Ah, yes, re-reading the Structured Concurrency proposal document I believe you’re right. So we shouldn’t have the guard !continuation.isTaskCancelled() else { return } line in my example (edited to comment it out). Possibly we don’t need the *Continuation.isTaskCancelled API at all, then? But I do believe we still need something like *Continuation.taskCancellationHandler.

What if you need a more complex series of event? Load this, then load that, etc. If you cancel early, you can skip parts of the computation (within the same continuation) that would otherwise be wasteful.

Then again, it's hard to see what's absolutely required of the glue code. Probably cancellationHandler at the very least to glue together the new Task cancellation and old sync cancellation.

Hello,

I'm wondering about wrapping async processes that are not based on a completion block.

For example, the completion may be provided by an event or a method call. In such cases, one would like to store the continuation somewhere until it is completed:

func operation() async -> OperationResult {
    return await withUnsafeContinuation { continuation in
        OperationImplementation(continuation: continuation).start()
    }
}

class OperationImplementation {
    let continuation: UnsafeContinuation<OperationResult>
    func start() {
        // register for some callback
    }
    func callback(result: OperationResult) {
        continuation.resume(returning: result)
    }
}
  • Is it a pattern that is supported? Fostered?
  • How is the implementation supposed to check for cancellation?
1 Like

+1 for trapping. Possibly this is a behavior that varies with -Ounchecked.

Cancellation seems a bit like throws - some tasks are very interested in it, others not so much. To me this suggests we need withUnsafeCancellableContinuation, withUnsafeThrowawableCancellableContinuation as options, leaving the proposed continuations as noncancellable.

Like in Combine AnyCancellable, some callers will be interested in cancelling when the continuation deinits. I am unsure if CheckedContinuation intends to trap/error on the deinit situation, but this is a case where the correct behavior is different between cancellable/noncancellable, which is another reason for having more types.

There is a natural conversion between types, namely that cancellable tasks are a bit like a failure and vice versa. Callers that are uninterested in distinguishing between a task that was cancelled and one that failed ought to be able to interchange these, as to write one branch for success and the other for not-success without having to think in detail about all the reasons the task may no longer be running.

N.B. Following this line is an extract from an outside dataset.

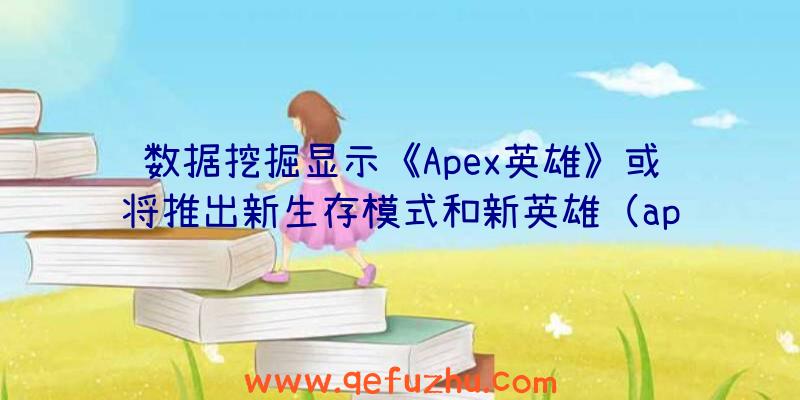 数据挖掘显示《Apex英雄》或将推出新生存模式和新英雄（apex英雄英雄分析最新）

This seems fine (supported), you do want to ensure to not call start() twice though as that’d resume twice which is bad™. Other than that such patterns are fine.

Thank you @ktoso! And what about cancellation checking?

To be honest I find it a bit weird to want this specific API have anything to do with cancellation — it is for contexts which are not within the task infrastructure so by itself it can’t do anything about that.

In [Pitch #2] Structured Concurrency - #116 by ktoso I propose additions or reshaping of the Task APIs such that one would be able to get a Task object, and if one wanted to one could then check it from wherever — including implementations using *Continuations. That’s about as much as we can achieve I think.

3 Likes

@ktoso, do we have to expect developers to wrap many existing asynchronous APIs that support cancellation, such as completion blocks, Combine publishers, other reactive tools, DispatchQueue/thread/mutex/lock-based APIs, etc? Maybe those APIs will eventually be migrated to Swift's async model. But some will not. And this eventual migration will take time.

Meanwhile, do we really want to ignore cancellation?